L’impressione è di assistere a una fase che ricorda da vicino i momenti embrionali che troviamo raccontati nei lavori storici sull’origine ottocentesca del calcio in Inghilterra o di altri sport, contrasti e conflitti tra sigle compresi. Larga parte della discussione sul futuro agonistico del padel si concentra sul riconoscimento olimpico, che però è un tema ambiguo, perché il vorticare di nuove discipline recentemente introdotte nel programma, e il loro cambiare tra un’edizione e l’altra, contribuisce al momento più a un effetto Giochi senza frontiere che non a una piena legittimazione universale. D’altra parte per ben note ragioni storiche il tennis, che del padel è modello e aggancio logistico, non ha mai avuto bisogno della presenza nell’agone olimpico per affermarsi. 

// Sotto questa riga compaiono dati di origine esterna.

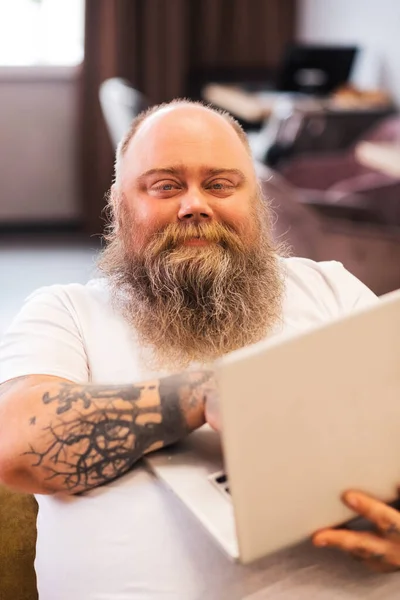 Bald bearded plump man sitting with a laptop in hands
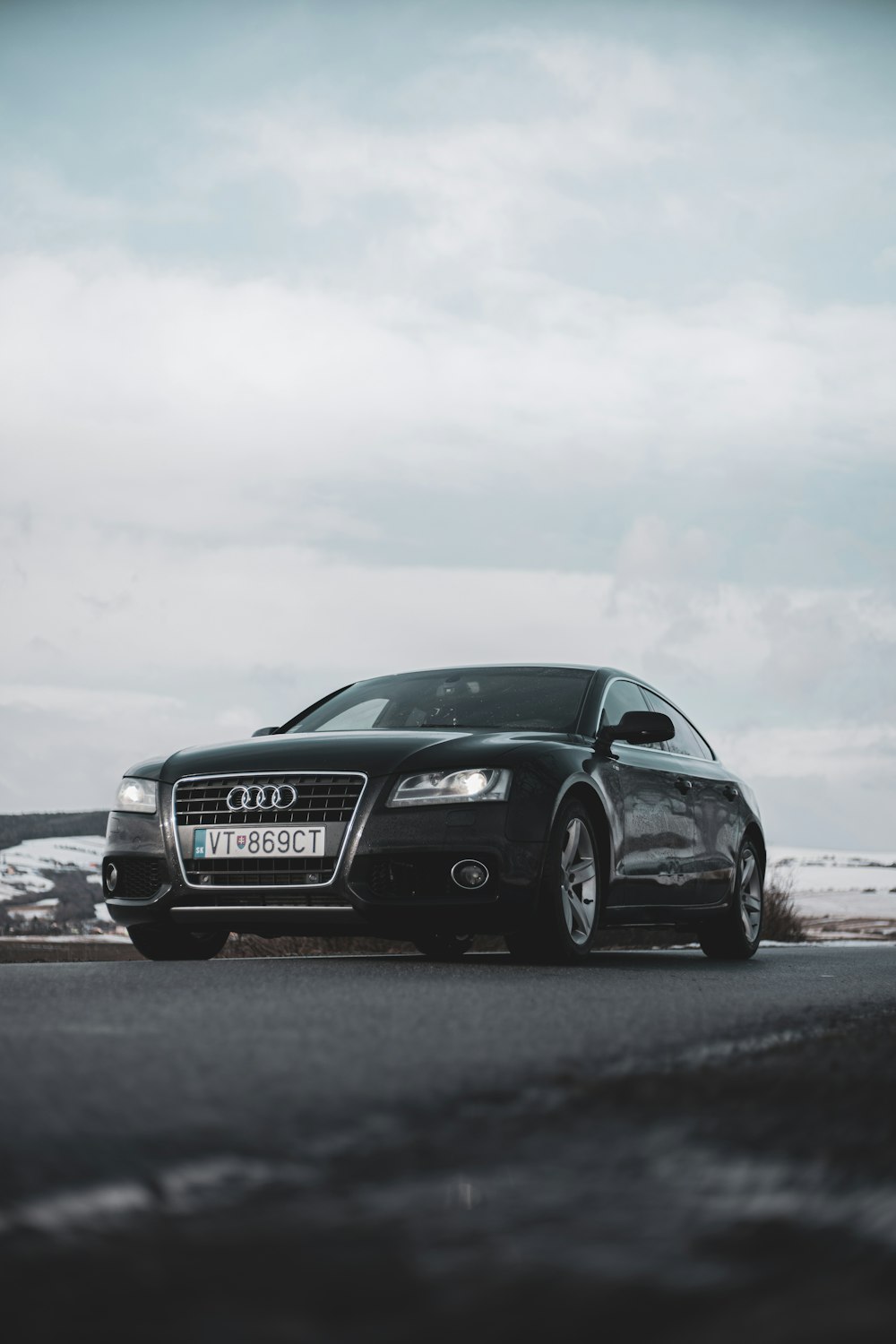 a black car parked on the side of the road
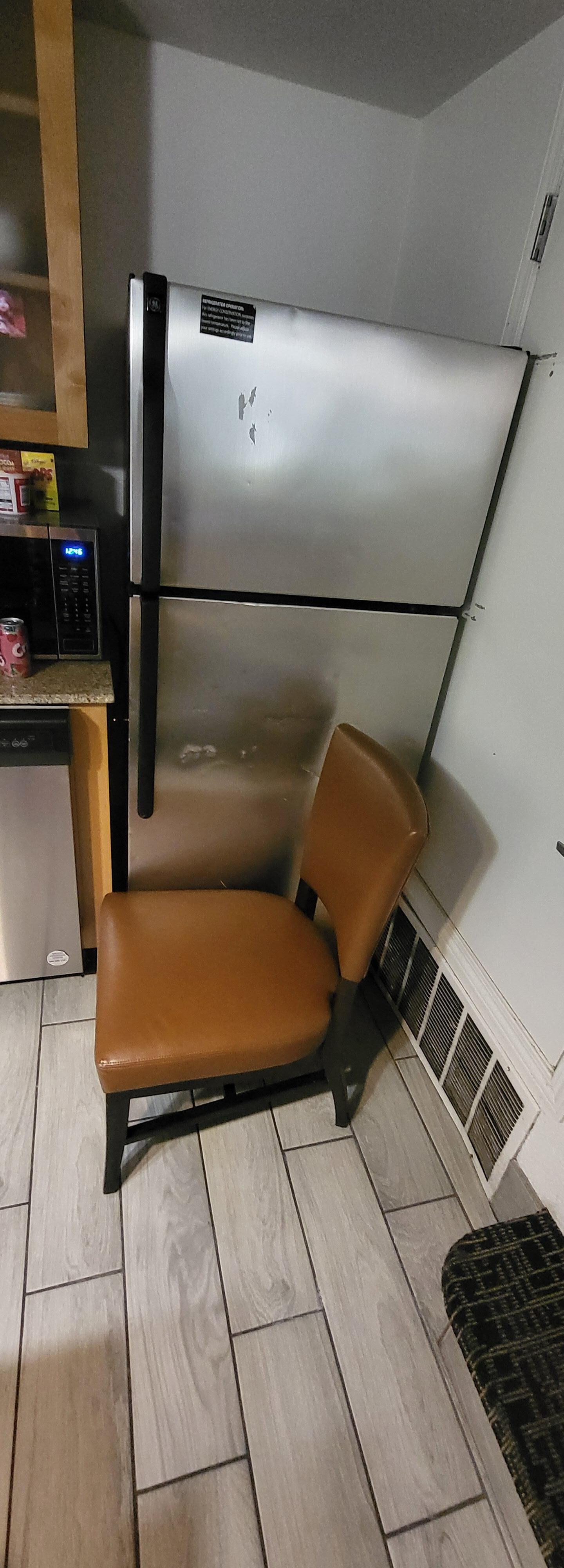 Dented non working refrigerator. 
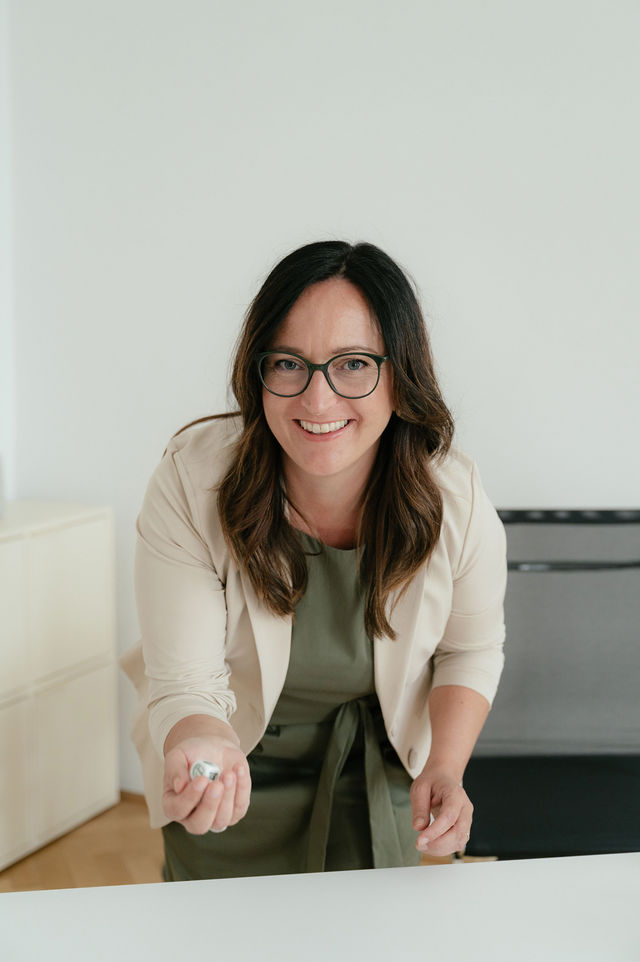 Daniela Reisner, in die Kamera blickend mit Würfel in der Hand. Daniela ist Coach für klare Auftritte.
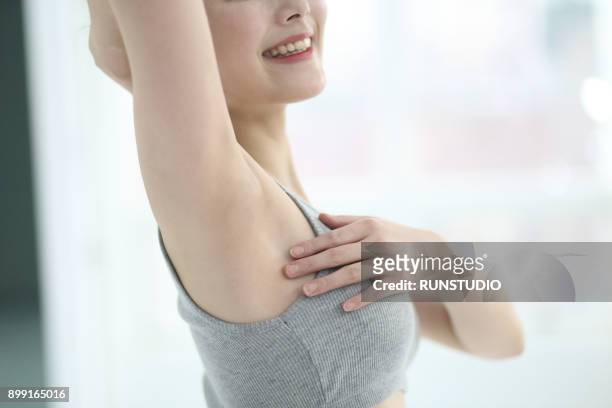 cropped image of woman touching armpit - seno foto e immagini stock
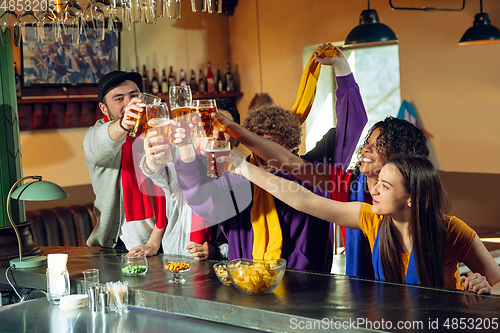 Image of Sport fans cheering at bar, pub and drinking beer while championship, competition is going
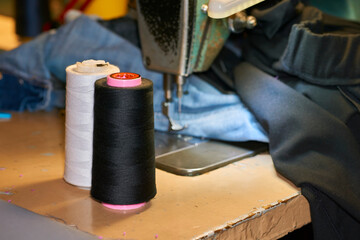 A spool of black white threads on an old sewing machine in a tailor's workshop
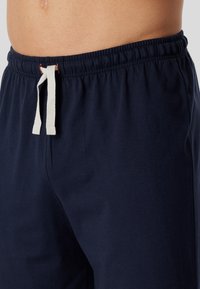 Navy blue cotton shorts with elastic waistband and white drawstring, featuring a smooth texture and side pockets.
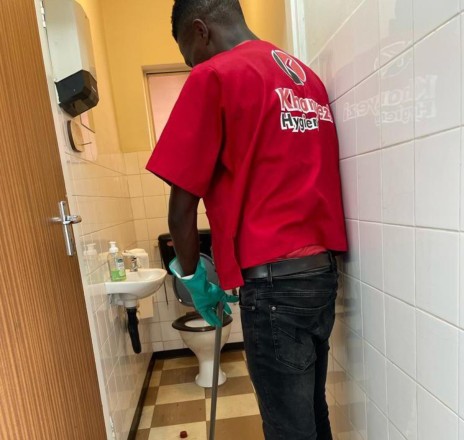 Cleaner working in ablution area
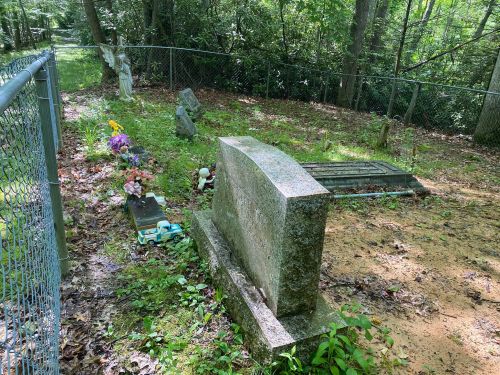 A fenced cemetery with a gravestone, flowers, and small decorations among trees and greenery.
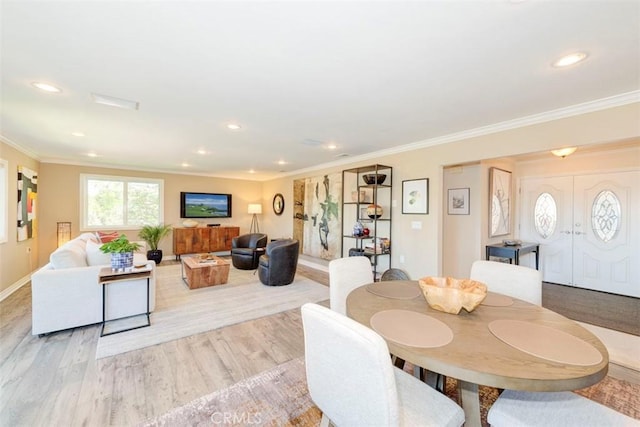 dining area with crown molding, wood finished floors, and recessed lighting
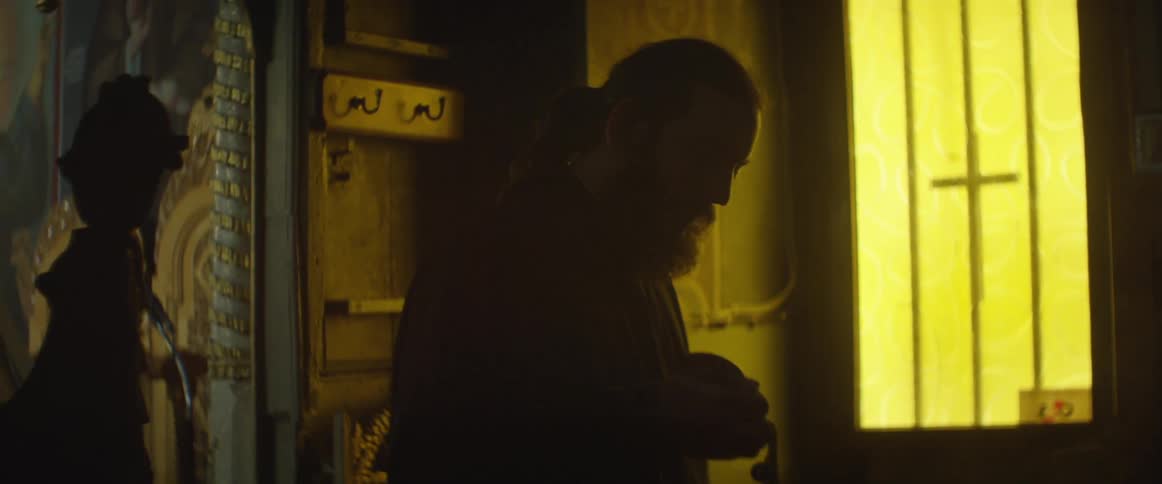 Bearded man with a ponytail dipping something repeatedly in a dark room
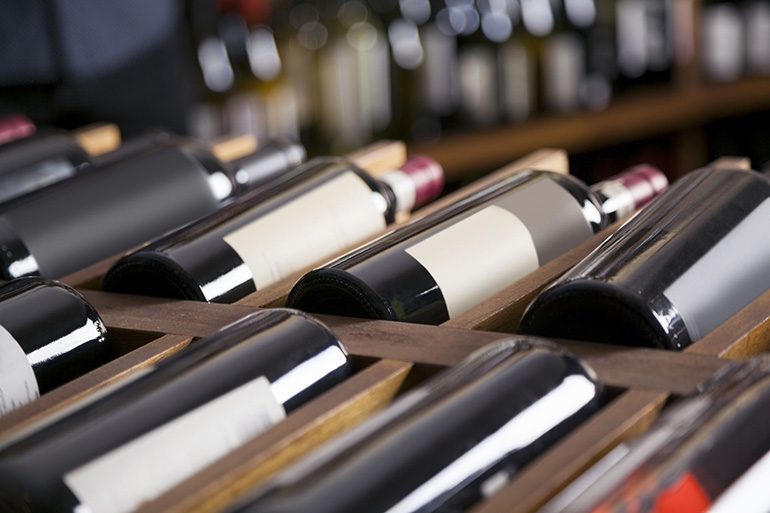 Red wine bottles displayed on shelves in supermarket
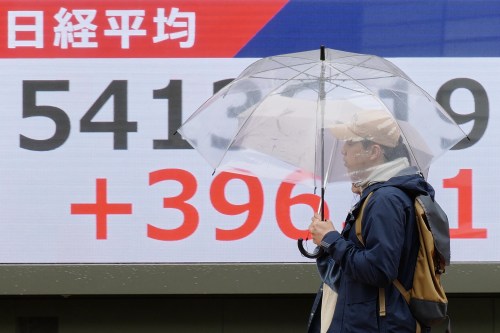 Persons walk in front of an electronic stock board showing Japan's Nikkei index at a securities firm Thursday, April 2, 2026, in Tokyo. (AP Photo/Eugene Hoshiko)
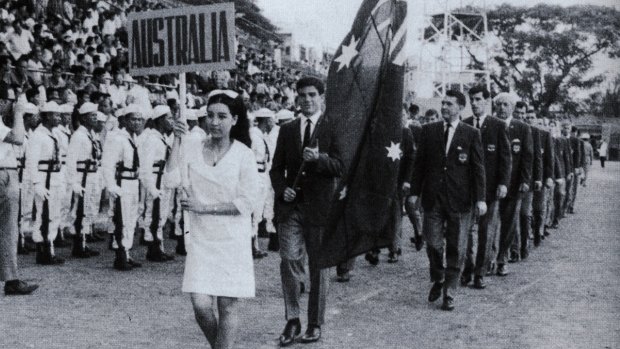 Johnny Warren leads out his squad during the opening ceremony.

L’attuale crescita del padel ci consente inoltre di guardare in modo diverso alla globalizzazione sportiva, e in particolare di interrogarci sulla sua regionalizzazione. La galleria dei campioni contenuta in Padelmania è pressoché interamente composta di giocatori argentini e spagnoli, tutti molto appassionati di calcio, molti di loro originari di Siviglia e tifosi del Betis. La stranezza geo-filosofica di questo sport, che, per compressione degli spazi e aspetti di destrezza coordinativa, sarebbe idealmente molto più asiatico, è proprio quella del suo legame ombelicale con l’ispanosfera, dovuta alla sua particolare genesi (anche in questo caso rimandiamo a Padelmania). Qui c’è il vero nodo. Ci si può espandere senza proporre campioni di svariate provenienze geografiche, e senza penetrare il cuore dei due grandi imperi globali? In Cina il padel al momento ha una presenza residuale, mentre negli Stati Uniti subisce la concorrenza schiacciante del pickleball, una sorta di mini-tennis senza le sponde che si sta diffondendo con gli stessi meccanismi dell’espansione padelistica da cui siamo partiti, supporto delle celebrities compreso. Lo scenario più realistico sta nella possibilità di diventare un grande sport regionale, intensamente praticato e seguito solo in alcune aree e paesi (motivo per cui è scorretto parlare di moda sportiva o bolla), come accade su scale diverse al cricket, al badminton, al rugby o al volley, perché la globalizzazione è fatta di strati, e solo a un numero esiguo di sport è concesso lo status della piena globalità.